Heat Pipe Heat Exchangers are used when the heat exchange occurs between two fluid streams that are kept separate. In some cases, it is desirable to maintain one of the outlet streams at a constant temperature, even with variations in inlet flow rate and temperatures. In this case, Variable Conductance Heat Pipes (VCHPs) can be used in a VCHP Heat Exchanger.
Figure 1. Variable Conductance Heat Pipe (VCHP).
In a VCHP, a Non-Condensable Gas (NCG) is added to the heat pipe, in addition to the working fluid. Depending on the operating conditions, the NCG can block all, some, or none of the available condenser length. When the VCHP is operating, the NCG is swept toward the condenser end of the heat pipe by the flow of the working fluid vapor. At high powers, all of the NCG is driven into the reservoir, and the condenser is fully open; see Figure 1. As the power is lowered, the vapor temperature drops slightly. Since the system is saturated, the vapor pressure drops at the same time. This lower pressure allows the NCG to increase in volume, blocking a portion of the condenser. At very low powers, the vapor temperature and pressure are further reduced, the NGC volume expands, and most of the condenser is blocked. This change in active condenser length minimizes the drop in evaporator and associated electronics temperatures over large changes in power and evaporator sink conditions.
To control the outlet temperature of one stream, a series of VCHPs are linked together in a heat exchanger with the hottest fluid on the bottom; see the animation in Figure 2, and the VCHP Heat Exchanger photograph in Figure 3. The VCHP Heat Exchanger (Passive Thermal Management for a Fuel Cell Reforming Process) was designed to cool a hydrogen stream to around 85°C with hydrogen flow rates varying by factor of 10, and inlet hydrogen temperature by 250°C.
Figure 2. VCHP Heat Exchanger is used to maintain a nearly constant hydrogen gas temperature, while flow rates can vary by a factor of 10, and inlet hydrogen temperature by 250°C. When the temperature of the incoming hydrogen increases, the NCG in more of the VCHPs is pushed towards the reservoir, increasing the heat transfer to the coolant.
Since the desired output temperature was 85°C, the VCHPs were designed so that they were fully open at the hydrogen inlet temperatures, while the condenser was fully blocked by NCG when the hydrogen temperature was 85°C. As shown in Figure 2, the VCHPs near the inlet are fully open, due to the high temperature of the hydrogen. As the hydrogen passes through the heat exchanger, the VCHPs cool the hydrogen by transferring heat to the counter-current coolant water stream. As the temperature approaches 85°C, the VCHPs shut down. The number of active VCHPs is set by the hydrogen inlet temperature and flow rate: most of the VCHPs are active at high inlet temperatures and/or flow rates, while most of the VCHPs are shut down for low inlet temperature and/or flow rates. The entire system is passive, with no control requirements.
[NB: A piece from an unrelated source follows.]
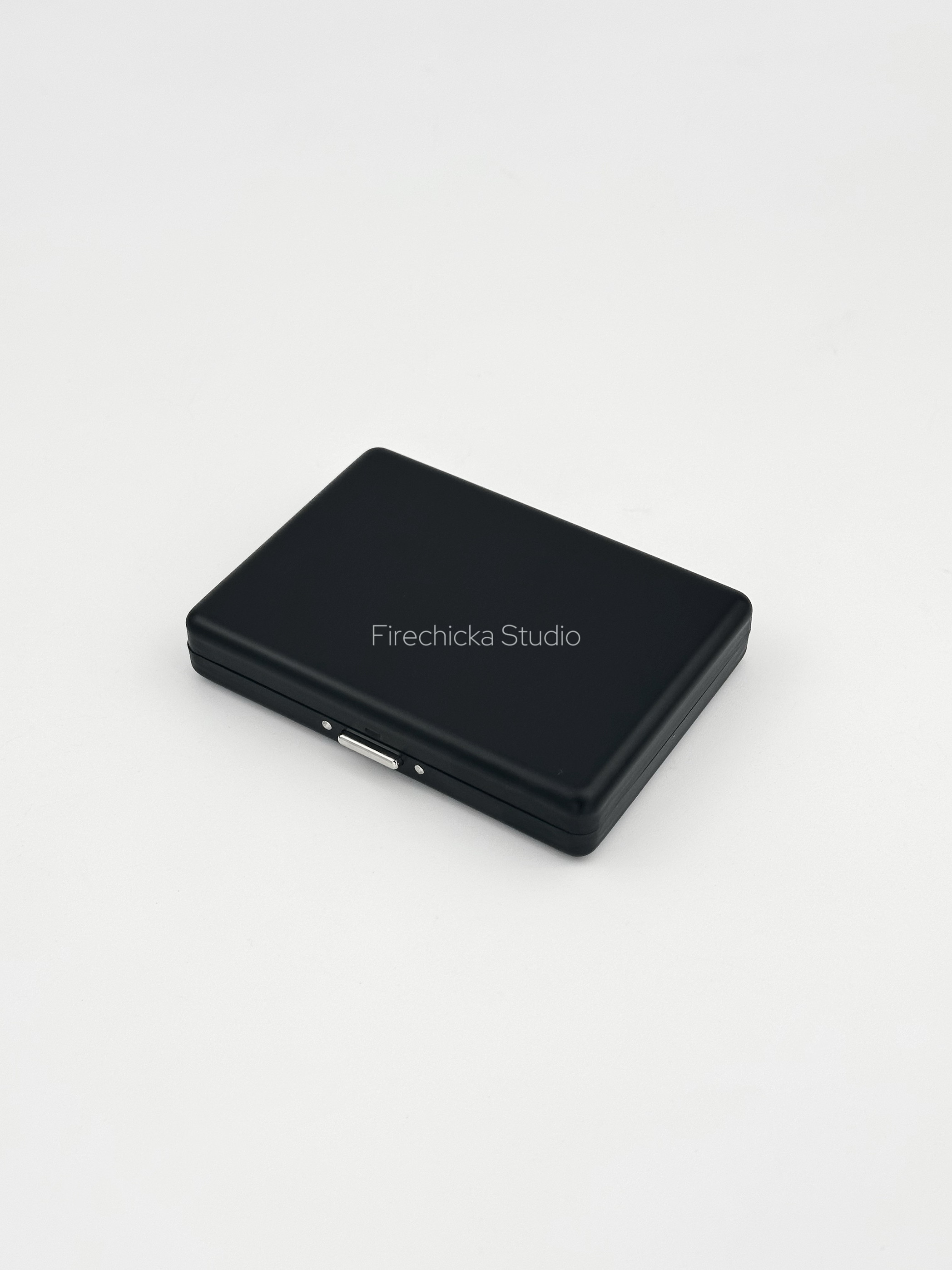 【Firechicka】简约ins金属烟盒卡盒高颜值便携黑色收纳多功能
Experimental results for the VCHP Heat Exchanger, as well as a Heat Pipe Heat Exchanger are shown in Figure 4, where the hydrogen inlet temperature was varied from 390 to 110°C. The VCHP passively controlled the hydrogen outlet temperature in a roughly 10°C range, and the hydrogen inlet temperature dropped by roughly 250°C. In contrast, the temperature in a heat pipe heat exchanger dropped by more than 50°C over the same range, with the hydrogen outlet too cold at lower inlet temperatures.